Provided material –
————
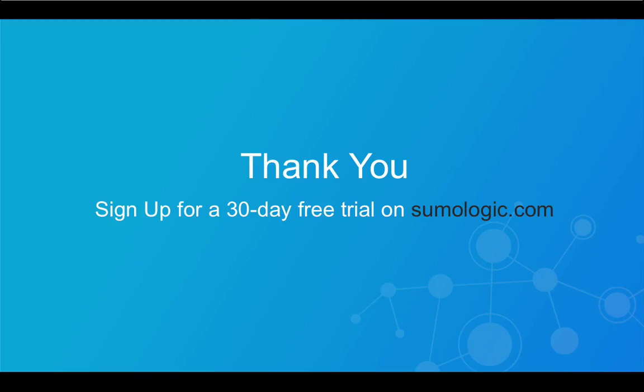Thank you for taking the time to view this demonstration. For more information about Sumo Logic and its advanced capabilities, please visit www.sumologic.com.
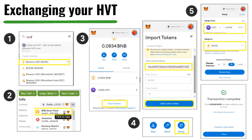That is step-by-step how to claim and withdraw your HVT tokens to MetaMask and exchange them to BUSD. Once you have accumulated the amount of BUSD you desire, you can send it to your Binance and then eventually to your bank account. Please see our MetaMask video, linked in the description, which shows you how to send.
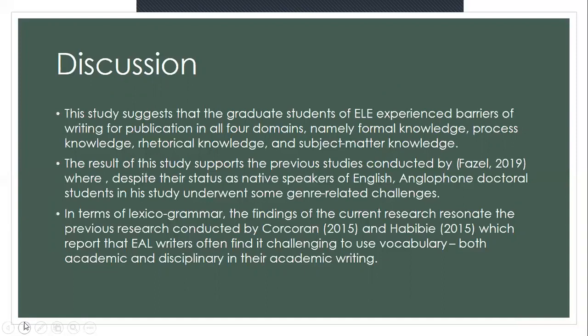Regarding lexico-grammatical aspects, the findings resonate with Corcoran (2015) and Habibi (2015), which report that EIL writers often find it challenging to use vocabulary — both academic and disciplinary — in academic writing. However, in this study, the vocabulary-related problem was specifically about academic vocabulary, as disciplinary vocabulary was not found to be a problem.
————
Task brief –
Reproduce the material above exactly, but only from the line with "That is step-by-step" through its last line, leaving pictures out.

Solution for this task –
That is step-by-step how to claim and withdraw your HVT tokens to MetaMask and exchange them to BUSD. Once you have accumulated the amount of BUSD you desire, you can send it to your Binance and then eventually to your bank account. Please see our MetaMask video, linked in the description, which shows you how to send.
Regarding lexico-grammatical aspects, the findings resonate with Corcoran (2015) and Habibi (2015), which report that EIL writers often find it challenging to use vocabulary — both academic and disciplinary — in academic writing. However, in this study, the vocabulary-related problem was specifically about academic vocabulary, as disciplinary vocabulary was not found to be a problem.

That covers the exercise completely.